Esta iterabilidad (iter, de nuevo vendría de itara, “otro” en sánscrito, y todo lo que sigue puede ser leído como la explotación de esta lógica que liga la repetición a la alteridad) estructura la marca de la escritura misma, cualquiera que sea además el tipo de escritura (pictográfica, jeroglífica, ideográfica, alfabética, para servirse de estas viejas categorías). Una escritura que no fuese estructuralmente legible- reiterable- más allá de la muerte del destinatario no sería una escritura.”[14]

            Por esta razón el texto tiene materialidad, porque es imposible borrar la huella y la marca cuando se lee. Cuando se lee, se transita el discurso en contextos diferentes. El texto no puede ser poseído por el lector ya que cada vez que un texto se lee nos dice de nuevo lo mismo de forma diferente. En este sentido es en el que leer es el eterno retorno de lo mismo.

            Los mismos rasgos definen al autor del texto. Éste, para dar autoridad a lo escrito, firma la obra. La firma confirma la autoridad del texto. Para que la firma pueda ser atribuida al autor en cuestión, ha de ser también reiterable, repetible.

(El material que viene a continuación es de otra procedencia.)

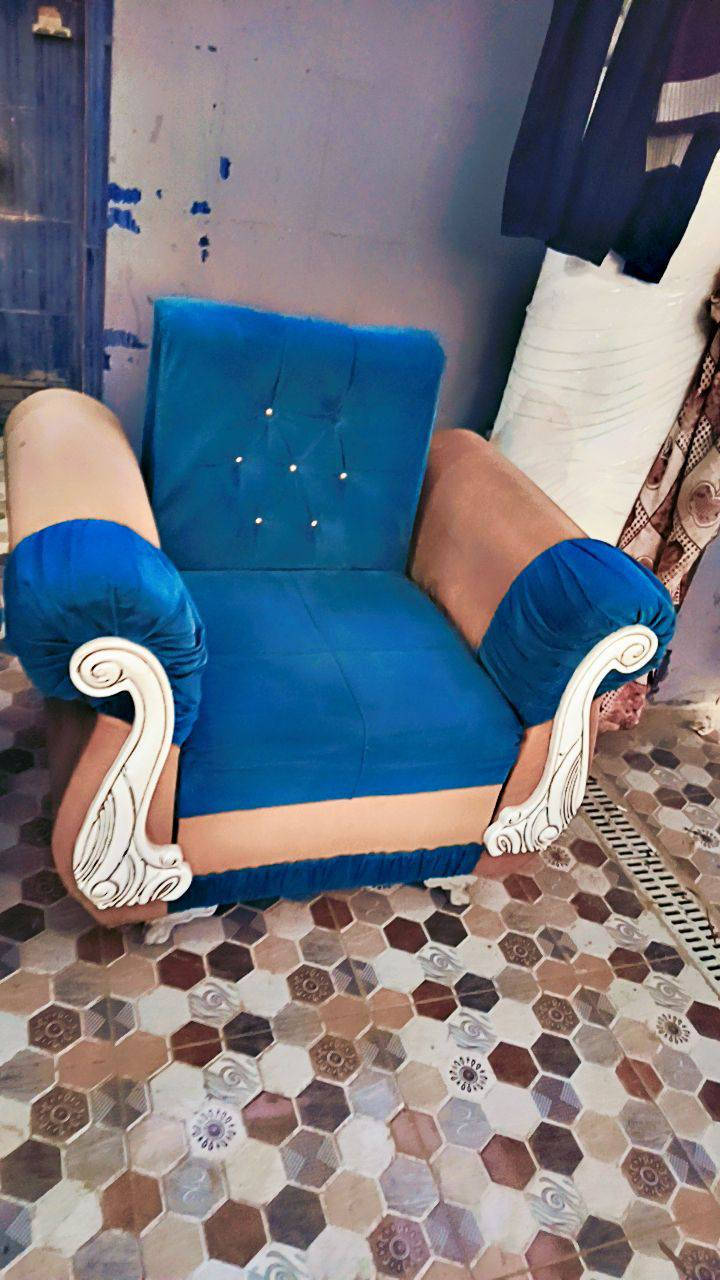 تخم مستعمل نظيف مابي كسر ولانازل خمس قطع عشر مقاعد ب200 الشراي على الخاص او يتصل *********** العنوان داخل الديوانية على طريق الاسكان
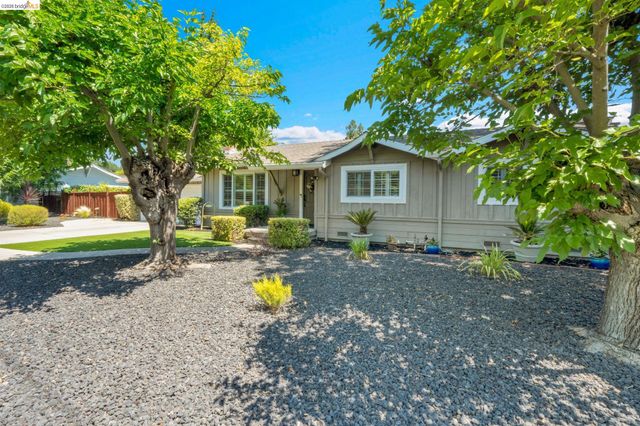 1131 Camino Tassajara, Danville, CA 94526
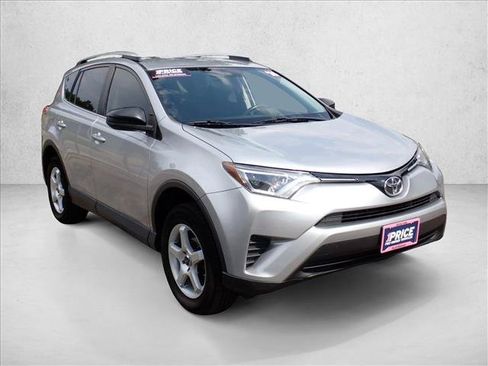 Used 2016 Toyota RAV4 LE FWD image 6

Lo que ocurre es que nunca habrá dos firmas idénticas, sólo similares, y aunque sean la misma firma siempre habrá diferencias entre ellas:

Para funcionar, es decir, para ser legible, una firma debe poseer una forma repetible, iterable, imitable; debe poder desprenderse de la intención presente y singular de su producción. Es su mismidad lo que, alterando su identidad y su singularidad, divide el sello.” [15]

            El autor firma la obra para demostrar su autoría. Como hemos visto, el autor no está presente en la lectura y escribe para un lector ausente que interpretará lo que aquel quiso decir y pondrá el texto en circulación para que otros lectores lo recorran y lo interpreten. El texto tendrá vida por sí mismo en cada lectura y nunca quedará agotado.

Foucault otorga la misma importancia al discurso transmitido por el lenguaje escrito:

Así, pues, saber consiste en referir el lenguaje al lenguaje; en restituir la gran planicie uniforme de las palabras y las cosas. Hacer hablar a todo. Es decir, hacer nacer por encima de todas las marcas el discurso segundo del comentario. Lo propio del saber no es ni ver ni demostrar, sino interpretar.”[16]

            El texto abre la puerta a la lectura, la lectura consiste en interpretar aquello que se lee, la interpretación nos lleva a citar el texto para que otros repitan el proceso y añadan nuevas interpretaciones. En eso consiste el saber y su transmisión. Es necesario escribir para fijar lo discursos que van entretejidos de ideas que hay que ir descubriendo e interpretando. Como dice Ángel Gabilondo, “Ciertamente leer es rescribir y escribir es leer un libro nunca escrito[17]. Así puede interpretarse el texto y sus lecturas.





[1] Platón.- Parménides. Alianza Editorial, Madrid,1990. Pág. 60.
[2] Nietzsche, F.- Sobre verdad y mentira en sentido extramoral. Ed. Tecnos, Madrid 1998, pág. 25.
[3] Marín González, C., “Presentación” en Derrida, J., Márgenes de la filosofía. Cátedra, Madrid 1989. pág. 10
[4] En El monolingüismo del otro: “yo no hablo más que una sola lengua (y, pero, ahora bien), no es la mía”. Ed. Manantial, Buenos Aires, 1977. Pág. 42.
[5] Platón, Fedro. (174 c y siguientes) Gredos, Madrid, 1997, Pág. 400-404.
[6] Ricoeur, P., “¿Qué es un texto?” en Historia y Narratividad, Paidós, 1999. Pág. 59.
[7] Ibíd. Pág. 61.
[8] Ibíd. Pág. 62.
[9] Ricoeur, P. “La acción considerada como un texto” en Hermenéutica y acción. De la hermenéutica del texto a la hermenéutica de la acción. Ed Docencia, Buenos Aires 1985.
[10] Derrida, J., “Firma, acontecimiento, contexto” en Márgenes de la filosofía. Cátedra, Madrid 1989. pág. 354
[11] Ibíd. pág. 356.
[12] Ibíd. pág. 356
[13] Ibíd. pág. 361-362.
[14] Ibíd. pág. 356.
[15] Ibíd. pág. 371.
[16] Foucault, M., Las palabras y las cosas. Siglo XXI, Madrid, 2006. Pág. 48.
[17] Gabilondo. Á., Alguien con quien hablar. Aguilar, Madrid, 2007. Pág. 143.